# Data section
-*-*-

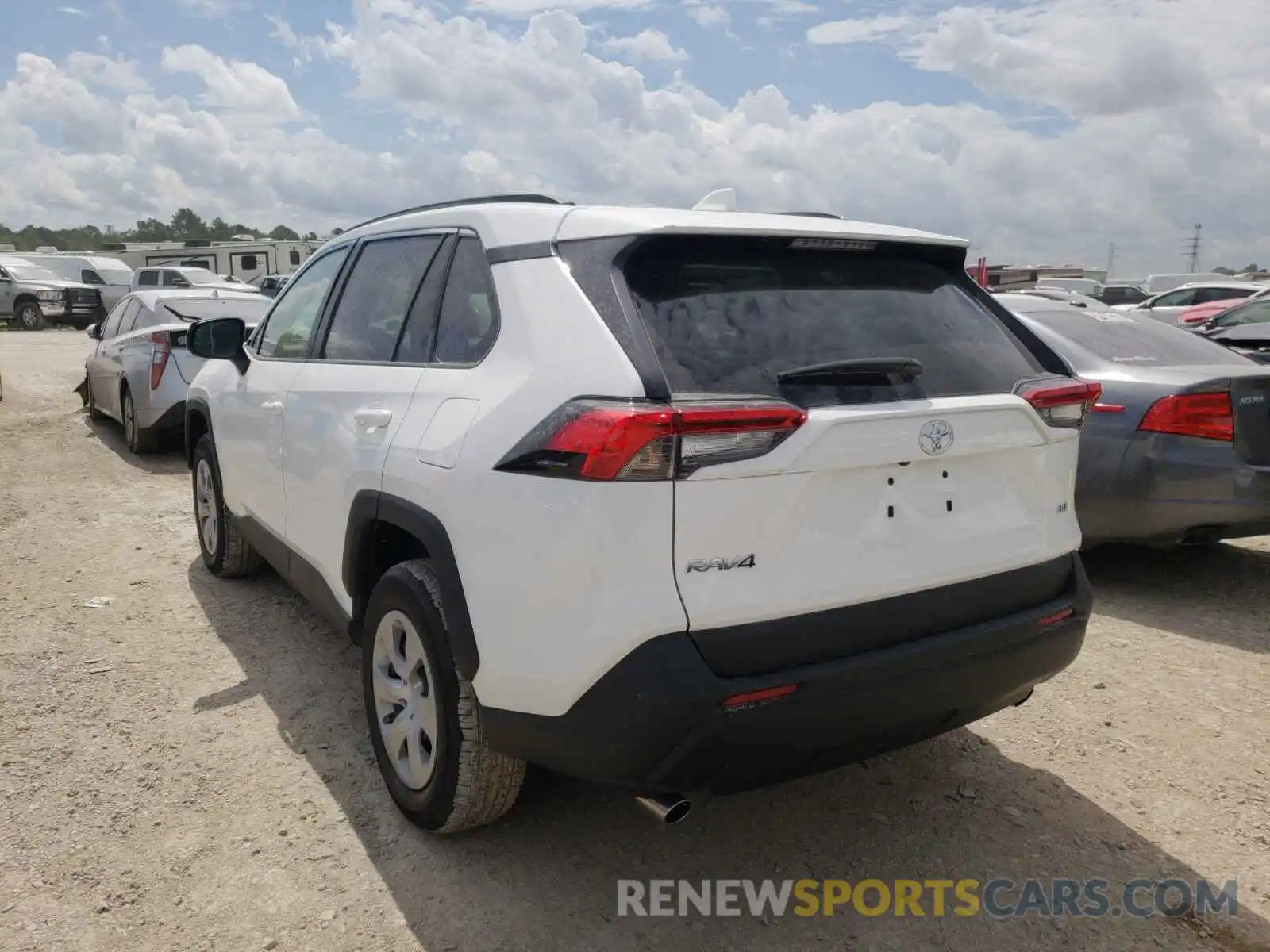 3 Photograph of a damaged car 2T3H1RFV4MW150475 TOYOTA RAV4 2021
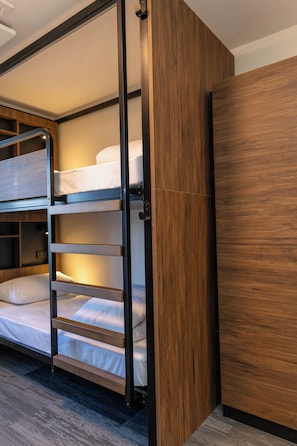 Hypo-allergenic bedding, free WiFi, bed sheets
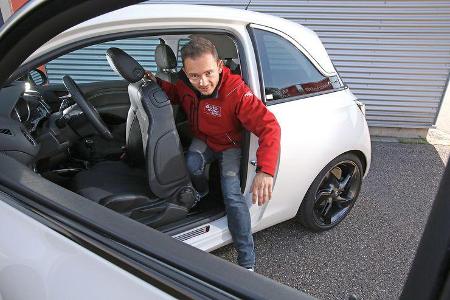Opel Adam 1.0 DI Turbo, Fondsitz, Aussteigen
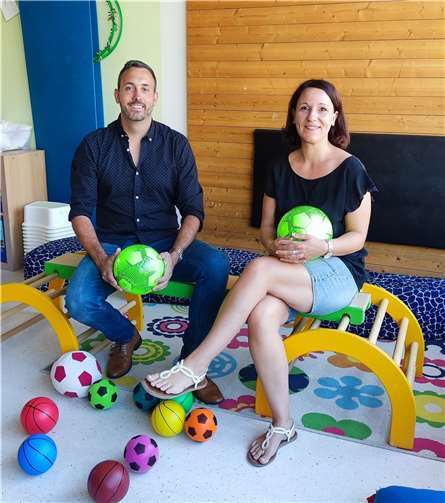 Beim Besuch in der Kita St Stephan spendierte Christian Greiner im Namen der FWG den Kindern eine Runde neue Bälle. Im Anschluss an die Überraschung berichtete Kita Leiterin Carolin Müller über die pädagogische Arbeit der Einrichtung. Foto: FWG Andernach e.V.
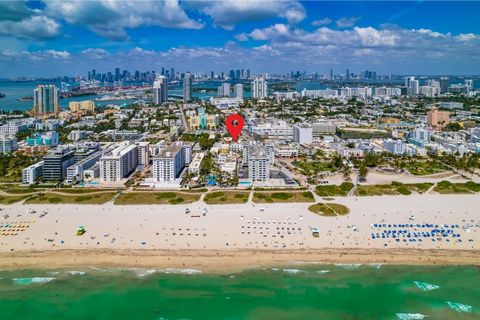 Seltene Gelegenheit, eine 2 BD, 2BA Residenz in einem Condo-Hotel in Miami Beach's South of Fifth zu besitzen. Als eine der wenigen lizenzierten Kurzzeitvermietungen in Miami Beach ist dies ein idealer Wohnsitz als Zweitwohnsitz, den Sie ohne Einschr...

-*-*-

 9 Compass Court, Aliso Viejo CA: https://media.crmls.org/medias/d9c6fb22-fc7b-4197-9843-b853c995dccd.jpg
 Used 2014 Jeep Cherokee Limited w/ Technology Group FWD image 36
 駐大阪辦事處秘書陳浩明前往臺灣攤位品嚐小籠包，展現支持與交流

-*-*-

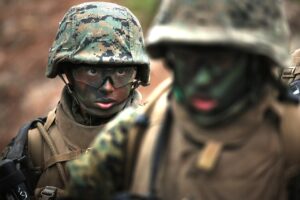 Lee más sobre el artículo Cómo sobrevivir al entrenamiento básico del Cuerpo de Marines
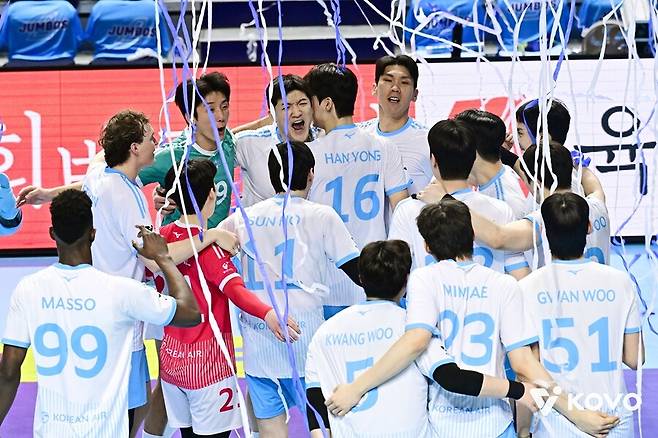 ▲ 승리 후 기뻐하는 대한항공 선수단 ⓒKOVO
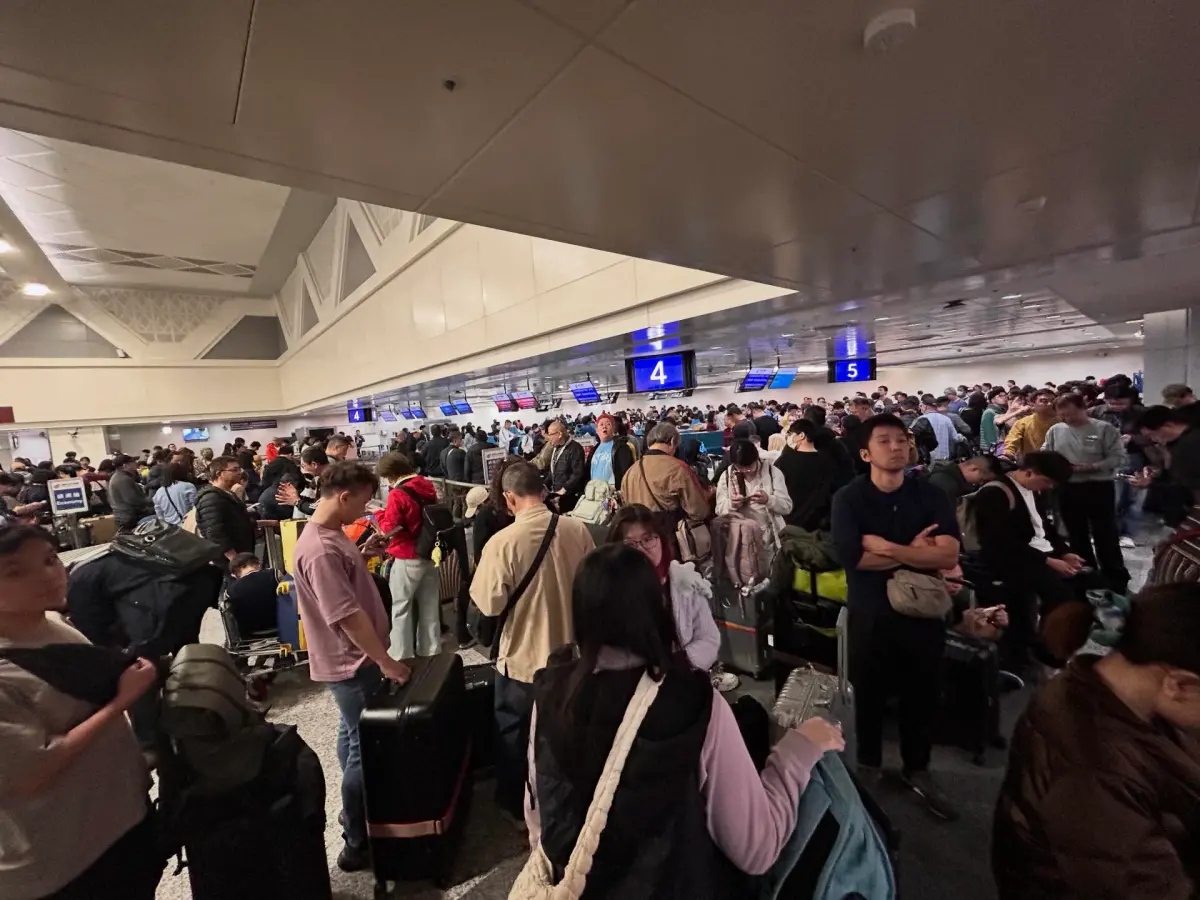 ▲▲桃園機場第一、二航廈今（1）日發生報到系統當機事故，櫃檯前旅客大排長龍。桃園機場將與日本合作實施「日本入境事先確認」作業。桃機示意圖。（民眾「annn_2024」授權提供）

-*-*-

# Your goal
Print, word for word, the lines above that run from the line containing "Beim Besuch in" to the line containing "Seltene Gelegenheit, eine", both included. Keep the pictures out.

# Completed task
 Beim Besuch in der Kita St Stephan spendierte Christian Greiner im Namen der FWG den Kindern eine Runde neue Bälle. Im Anschluss an die Überraschung berichtete Kita Leiterin Carolin Müller über die pädagogische Arbeit der Einrichtung. Foto: FWG Andernach e.V.
 Seltene Gelegenheit, eine 2 BD, 2BA Residenz in einem Condo-Hotel in Miami Beach's South of Fifth zu besitzen. Als eine der wenigen lizenzierten Kurzzeitvermietungen in Miami Beach ist dies ein idealer Wohnsitz als Zweitwohnsitz, den Sie ohne Einschr...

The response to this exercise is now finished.